IRNA - Islamic Republic News Agency

London, Feb 27, IRNA – The UK government is under growing pressure to hold an independent inquiry into the UK’s role in the extraordinary rendition of terror suspects after admitting for the first time handing over Iraq prisoners to the US that were secretly flown to Afghanistan.

Despite previous denial for the past three years, Defence Secretary John Hutton told MPs on Thursday that British troops were involved in at least one case of rendition.

Two suspects captured and detained by British Special Forces outside Baghdad in 2004 were subsequently removed by the US to Afghanistan where they remain in detention, Hutton revealed.

In response to the admission, Andrew Tyrie, chairman of the All-Party Parliamentary Group on Extraordinary Rendition, called for a full Government inquiry into British involvement in the US rendition program.

Tyrie said the government was also forced last year to admit after earlier denials that US aircraft transporting abducted prisoners landed on the British dependent territory of Diego Garcia in 2002. US assurances that it did not use torture were unreliable, he also said.

But Hutton insisted that there was “no evidence” that the two, believed to be Pakistani members of Lashkar-e-Taiba, a proscribed organisation with links to al-Qaeda, had been tortured after being handed over to the Americans.

The admission is the latest in a series of revelations that campaigners say undermine official denials that Britain systematically helped to facilitate the sending of suspects for US interrogation to countries where torture is not illegal.

Calls for a full inquiry are being supported by human rights organisations, including Reprieve which has accused the government of repeatedly misleading the public in colluding with the US in the illegal practice of extraordinary rendition.

"A judicial public inquiry into this whole poisonous episode is the only hope for lancing the boil and moving on," Shami Chakrabarti, director of Liberty civil rights group also said.

Human Rights Watch (HRW) said there was “enough credible allegations and reluctant ministerial admissions of wrongdoing to warrant a full-scale independent inquiry into UK involvement in the whole rotten system of US abuse including torture, renditions to torture, abusive detention policies, and disappearances.

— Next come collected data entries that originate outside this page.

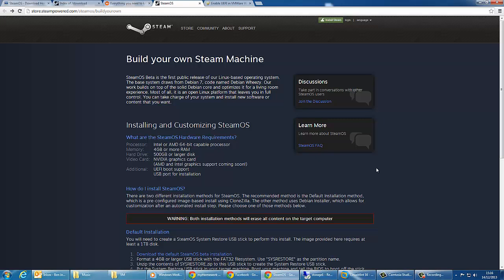If you head over to the link in the description or on the video now, that will take you to this page which is build your own Steam Machine, and it will show you how to create your own SteamOS beta installation.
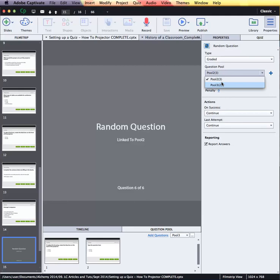Now that I've got two question pools available, I can continue to add questions to those pools and continue to add more random slides to the project, linking them to the question pools and allowing a variety of questions to be made available to my learners each time they open up that project — which is very important in creating longevity for your projects.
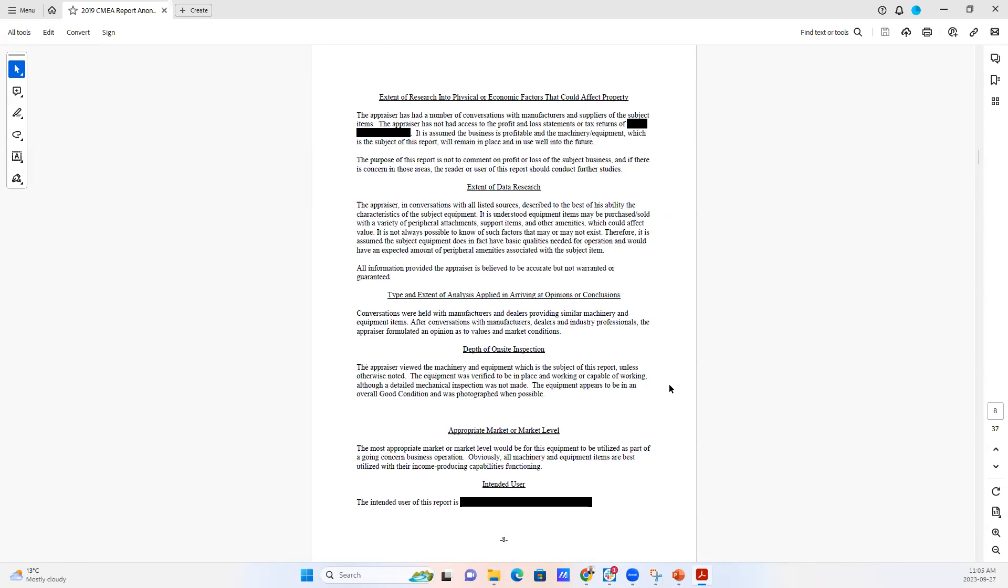For example, we collect information, we photograph things, we look for the serial numbers, but we are not mechanics. We don't operate the machinery or make sure that everything's in perfect mechanical order.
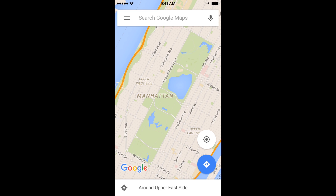Hey YouTube, Tech Intimidation. Today we're talking about sharing your location quickly with Google Maps.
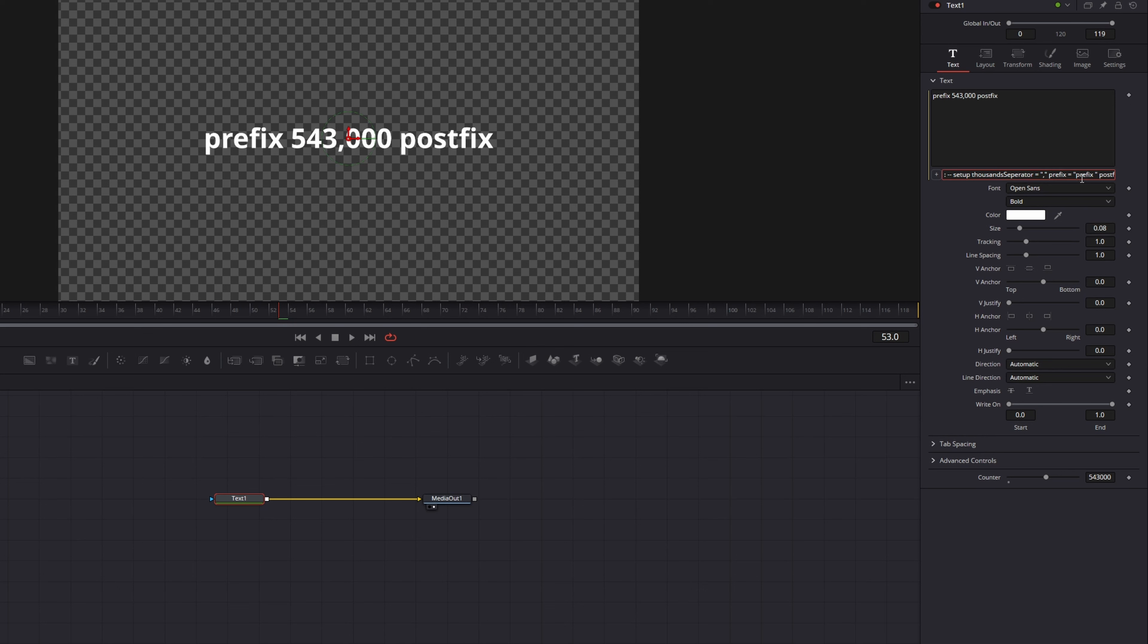If you edit this code in the expression text box you can for example change the postfix to something like views. If you press Enter the text updates and it will stay the same when you change the value.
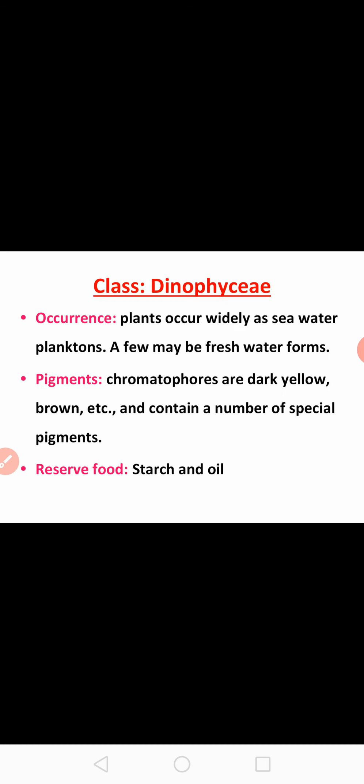Next class, Dinophyceae. The majority of members are found in marine habitats, and few are found in freshwater. Chromatophores are dark yellow-brown and contain a number of special pigments. Food is stored in the form of starch and oil. Plants are unicellular to motile branched filamentous. Sexual reproduction takes place by isogamous type. An example is Ceratium.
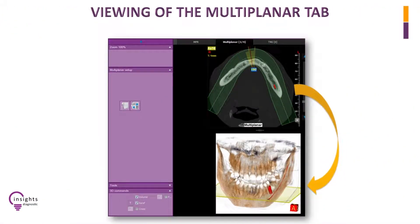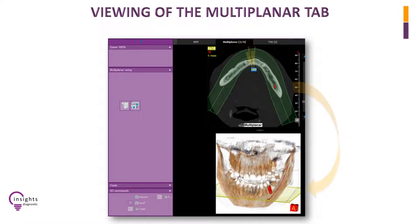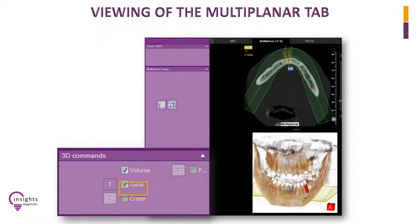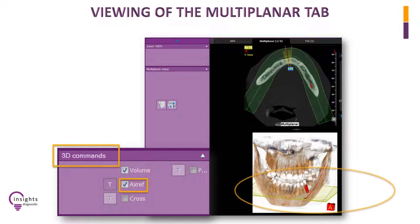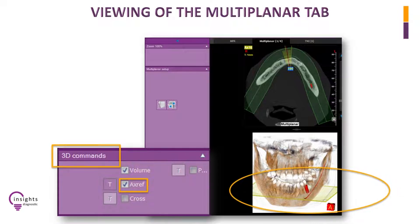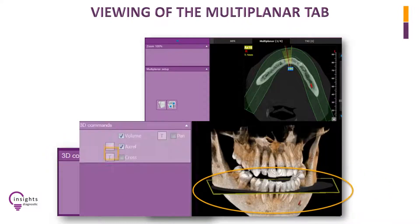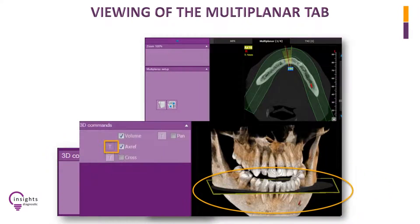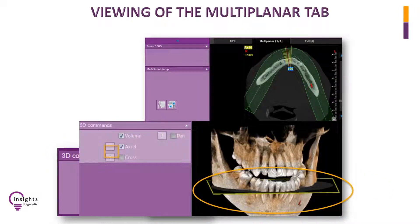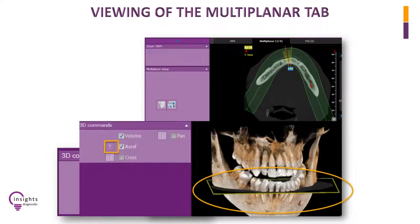The 3D model provides reference on the different views in the Multiplanar window. Try clicking on AxRef at the lower left corner of the toolbars under 3D commands to see the yellow planar reference through the 3D model. Click on letter T at the adjacent left of AxRef to make the plane transparent.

“The drip, drip of allegations and admissions does huge damage to the international reputation of the UK and the ability of our troops in Iraq and Afghanistan to say that they are fighting on the side of justice and truth," said HRW spokesman Tom Porteous.

Allegations that MI5 officers were complicit in US torture have also been made in the case of British resident Binyam Mohamed, who was finally released from Guantanamo Bay this week.